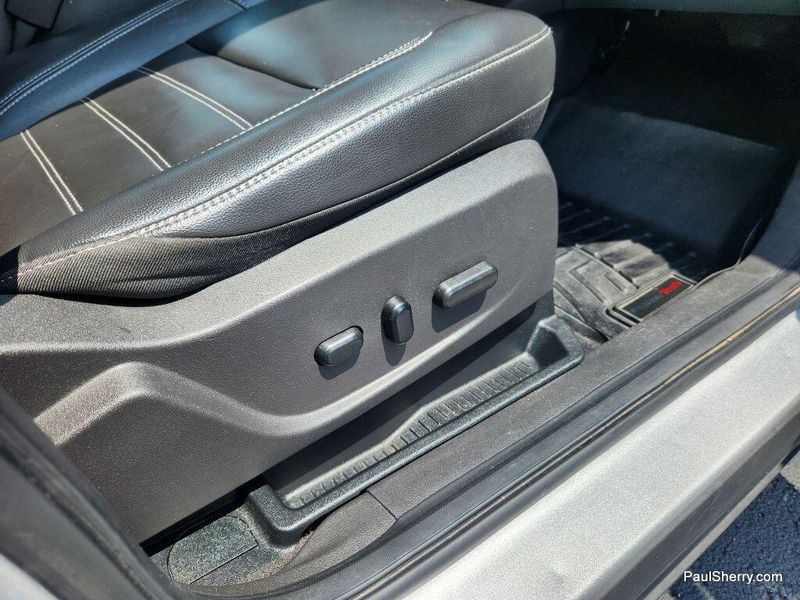 Used 2019 Ford Escape TitaniumImage 26
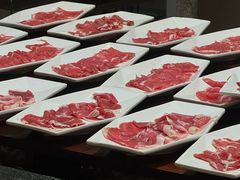 -杭州开元名都大酒店·地中海自助餐厅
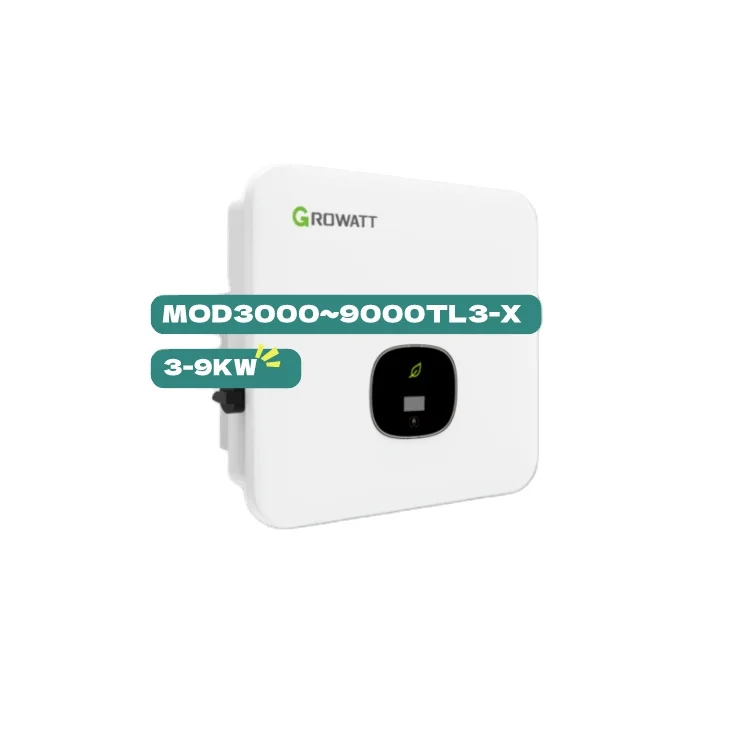 Growatt MIN 3-9kTL-X rated power on grid pure sine wave SUPER March OFFERS inverter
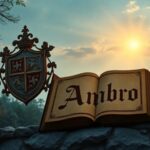Significado del apellido Ambros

* [WHAT TO DO]:
In your answer, give every line of the listing above exactly, and do not include the images.

* [SOLUTION TO THE PROBLEM]:
 Used 2019 Ford Escape TitaniumImage 26
 -杭州开元名都大酒店·地中海自助餐厅
 Growatt MIN 3-9kTL-X rated power on grid pure sine wave SUPER March OFFERS inverter
Significado del apellido Ambros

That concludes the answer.